While testing our fuzzing setup, we noticed that it always crashes at the function named D3D10Warp!ProcessorThreadSpecificData::ExecuteProgram_JIT when it is executed inside the snapshot. We used wtf’s backend SimulateReturnFromFunction() to return from this function without actually doing anything which made it no longer crash in the snapshot. 

Results 

We have fuzzed Direct Composition with our custom fuzzer and successfully caught dwm.exe crashes using generated test cases. 

The size of each test case greatly affects the execution speed, as it relates to the number of system calls executed. The system call requires emulating a large number of machine instructions by Bochscpu that are not directly related to fuzzing Direct Composition. This should be reduced for better performance. There are some unpatched denial-of-service kernel bugs that exist, which are triggered using a small combination of system calls. Therefore, a large test case has a higher probability of terminating the test case early. Although our fuzzer works as intended, there is still a lot of room for improvement. 

Future Research 

Batch processing 

There are some features inside Direct Composition that can only be executed by the so-called “batch command,” such as setting a property value in a kernel object. Batch commands are handled by calling NtDCompositionProcessChannelBatchBuffer. Multiple batch commands can be executed with a single system call which reduces the bottleneck of switching between kernel and userland. For the ease of fuzzer implementation however, only a single batch command is included in every batch processing system call. Supporting multiple batch commands in a single NtDCompositionProcessChannelBatchBuffer call test case generation and mutation will significantly increase the fuzzing speed. 

Targeting race condition 

Since mapped shared memory used in Direct Composition can be manipulated from the kernel and userland, Direct Composition can be vulnerable to race conditions, which was the case with some of the vulnerabilities found by Hillstone Networks researchers. Although our fuzzer can generate such test cases, it will be interesting to aid the fuzzer in generating a test case that specifically targets race conditions. 

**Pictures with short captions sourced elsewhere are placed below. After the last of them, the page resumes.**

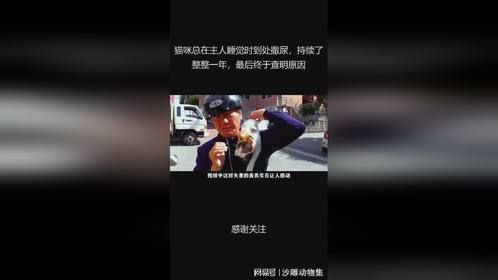 猫咪总在主人睡觉时到处撒尿，持续了整整一年，最后终于查明原因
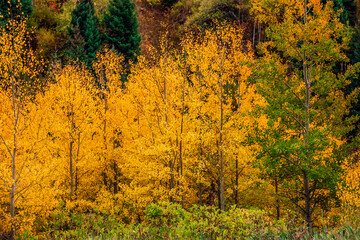 Maroon Bells Snowmass Wilderness USA
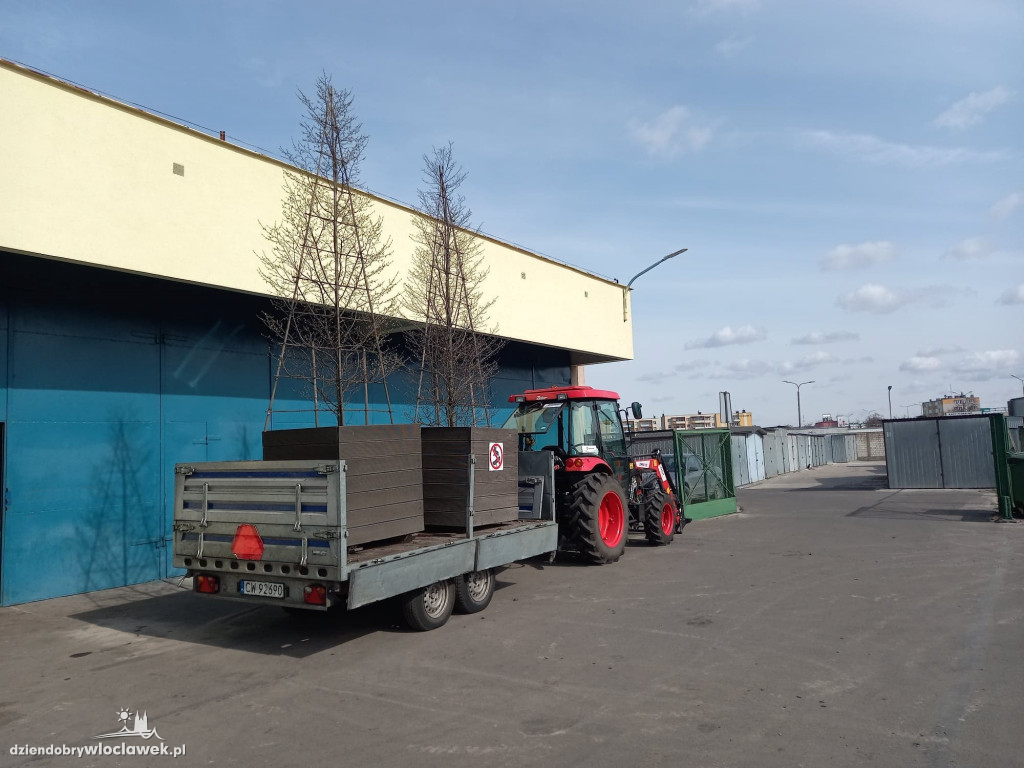 Nowe życie drzew sprzed Wzorcowni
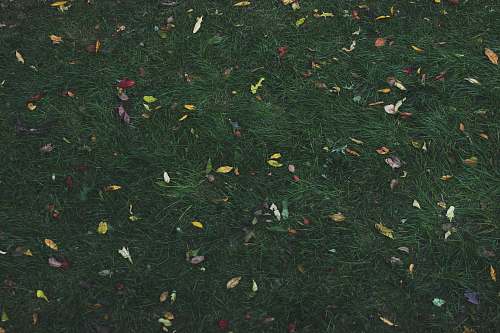 firefly assorted-color leaves on green grass at daytime insect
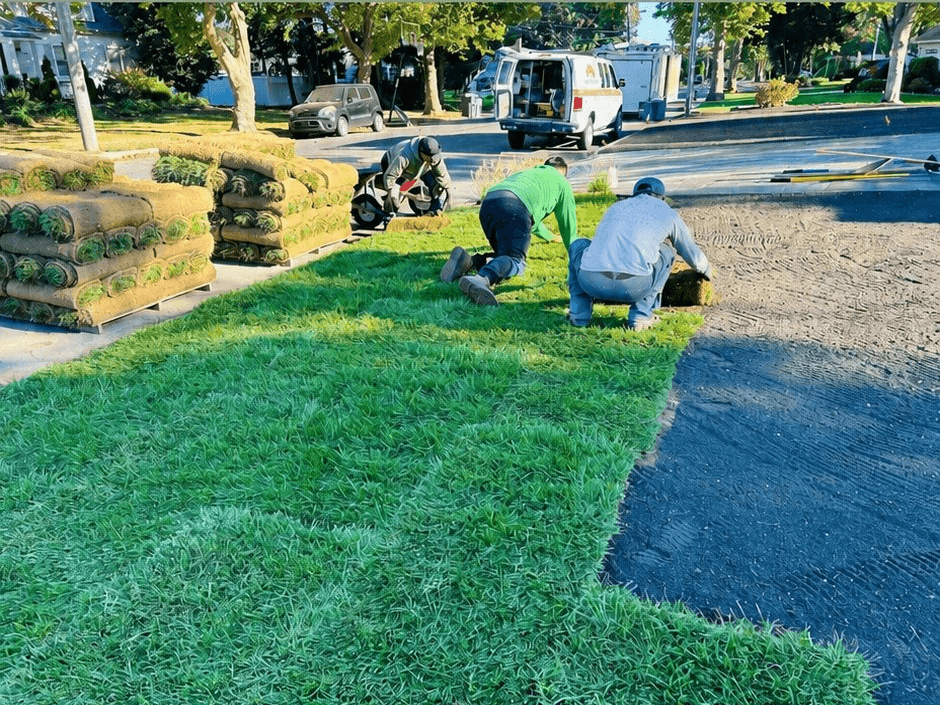 Seasonal clean-ups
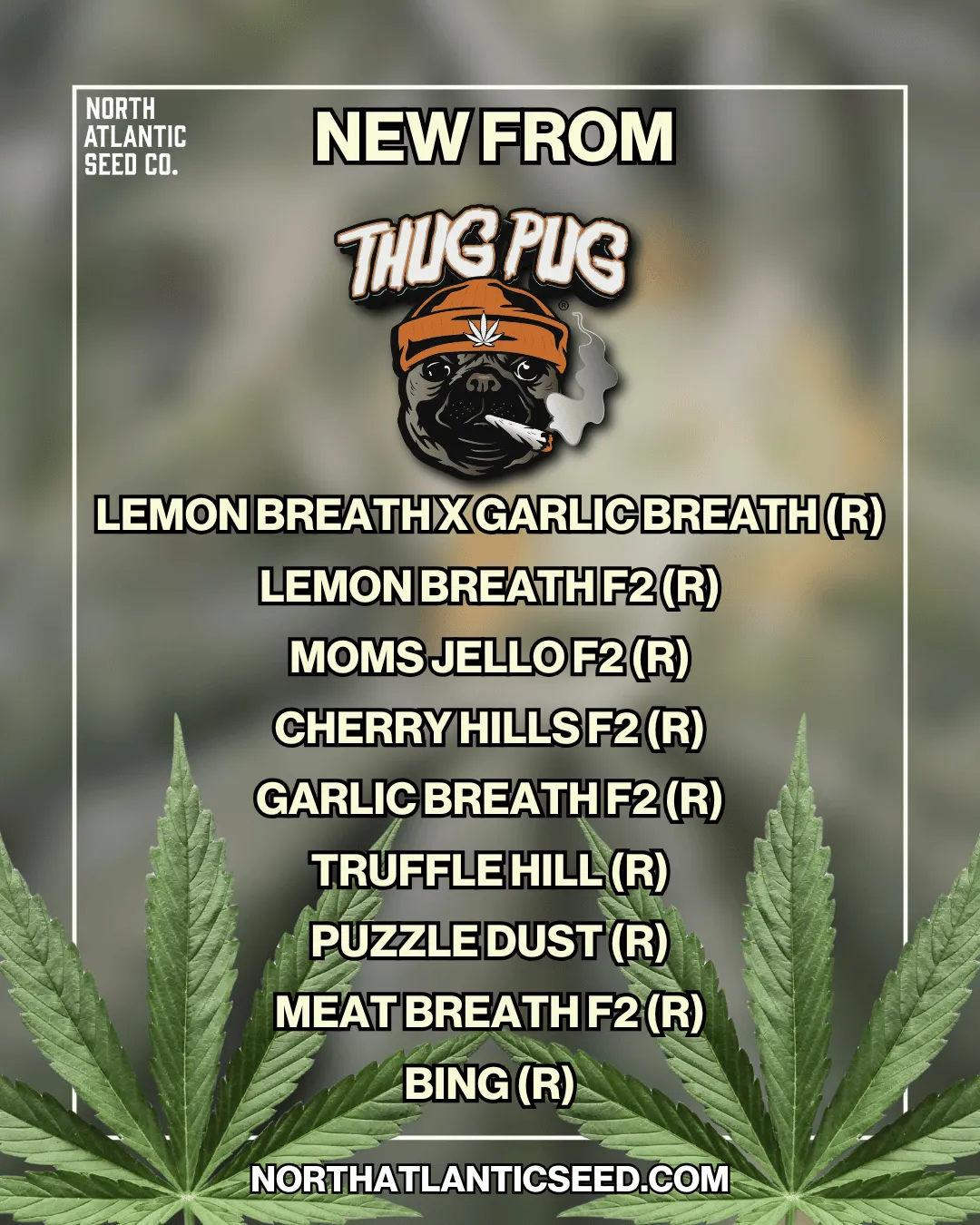 Thug Pug New Strains Summer 2025 cannabis seeds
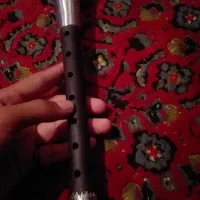 ساز سرنا|سازهای بادی|آبدانان, |دیوار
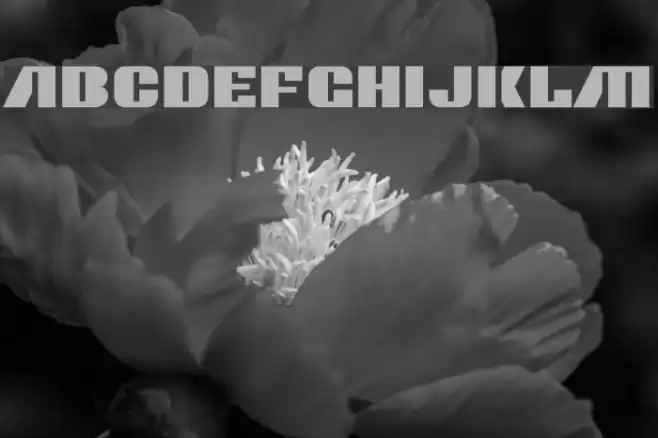 Contour Generator Font examples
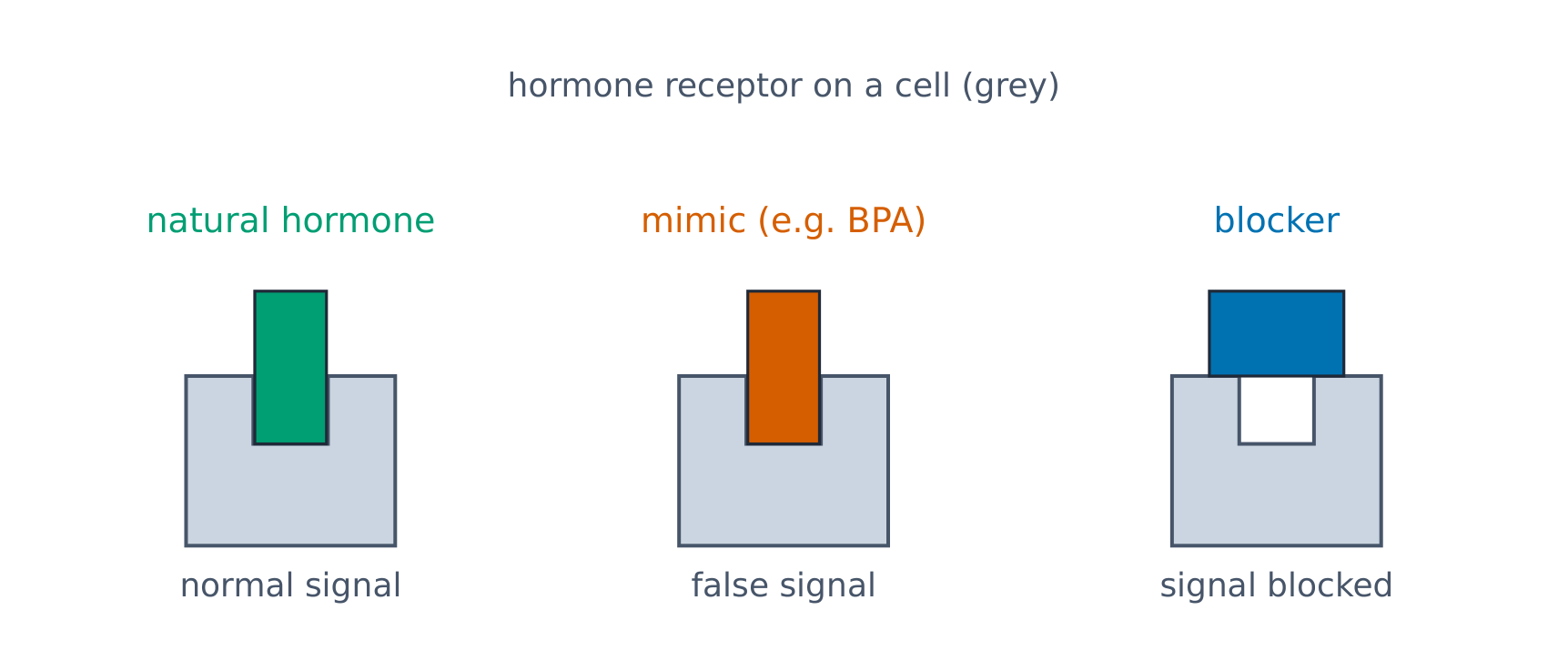 Endocrine disruptors mimic or block hormones at their receptors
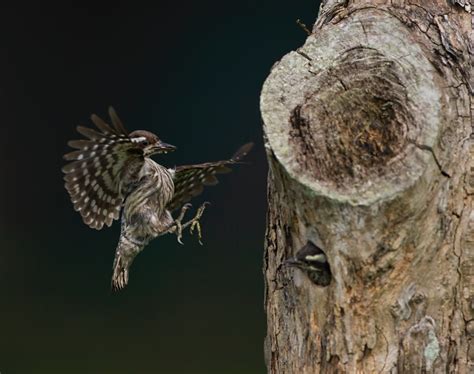 Sunda Pygmy Woodpecker The Chick Can Be Seen Waiting Insid Flickr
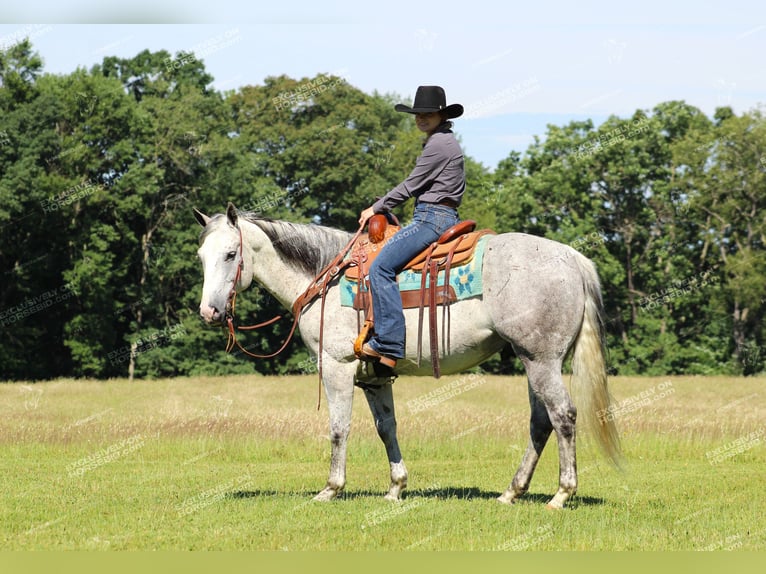 American Quarter Horse Wałach 8 lat 152 cm Siwa in Clarion, PA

Faster and better mutation 

Although basic mutation is already available, it can be improved. For example, some resource types take structured data as property value and how it is generated and mutated affects the quality of fuzzing. Because there are so many resource types, there is more work to be done to improve the correctness. Furthermore, the mutation itself is quite heavy since each instruction in the test case is abstractly interpreted again. Reducing the need for abstract interpreting every single instruction will also greatly improve overall performance. 

Maintenance 

When a new Windows build is released, there is a chance that the Direct Composition component will be updated. It is a tedious job to check which resource type was removed or added etc. Automatic extraction of available resource types and their properties can greatly help maintain our fuzzer. There are currently more than 200 types of resource marshalers and manual maintenance requires a lot of work. Using scripting on popular disassemblers may help with this research.